In game theory, an exchange that results in all credits and debits balancing out across all players is called a zero sum game. Recording debits and credits works this way with every existing currency, including Dollars and Euros and all the traditional currencies, but also Bitcoin and other kinds of digital cyptocurrencies. If you want a currency to behave nonlinearly you need additional financial tools like debt and interest, or stocks and dividends, to describe how that money grows or shrinks over time as the result of our economic transactions.

Of course, when I give you a dollar for a burger that's not really a zero sum transaction, because otherwise we wouldn't be motivated to enter into the transaction in the first place. I give you a dollar because I want the burger more than I want the dollar, and if you accept the trade it's because you want the dollar more than you want the burger, so in a fair exchange we both feel like we've come out ahead. In other words, there is some additional value in our fair exchange that is not accounted for in the burgers and the dollars alone. But if our bookkeeping method only counts burgers and dollars, then it's not accounting for the value that accrues in our transactions.

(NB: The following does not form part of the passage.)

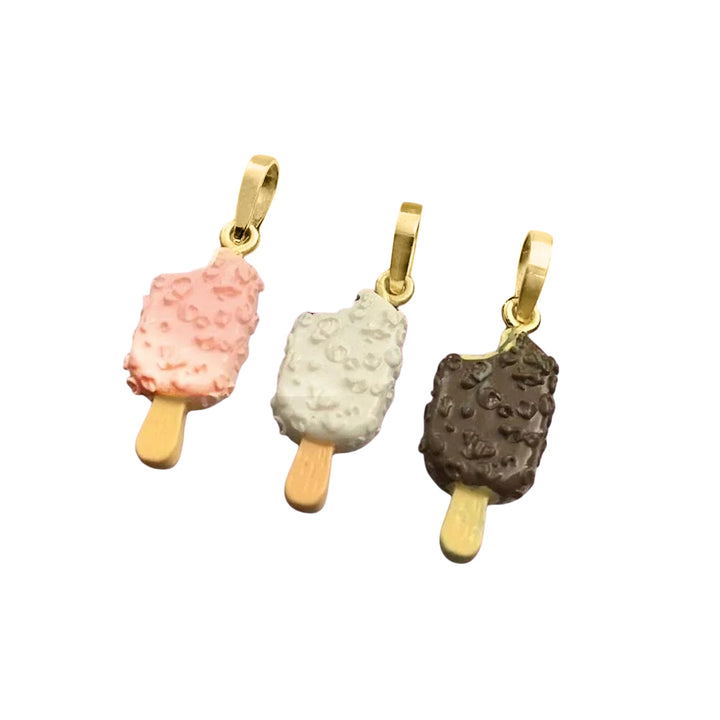 PENDANT 18KT GOLD P1Y18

In the proposal below, I'll describe Strangecoin as an method for keeping track of a nonzero sum game, where parties can enter into financial transactions that accrue value just by engaging in that transaction. In this way, Strangecoin is a model of the value that our complex economic relationships generate. The trick is to amplify the exchanged value of Strangecoin transactions relative to the interest of other parties who are not themselves involved in the transaction. If this seems counter-intuitive, a nonfinancial example might help: it's not unusual for two minor celebrities to achieve greater celebrity status upon entering into a romantic relationship. Although strictly speaking the romantic relationship is between the two celebrities, the general public interest in the celebrities results in more overall popularity in their union than either had on their own prior to the relationship.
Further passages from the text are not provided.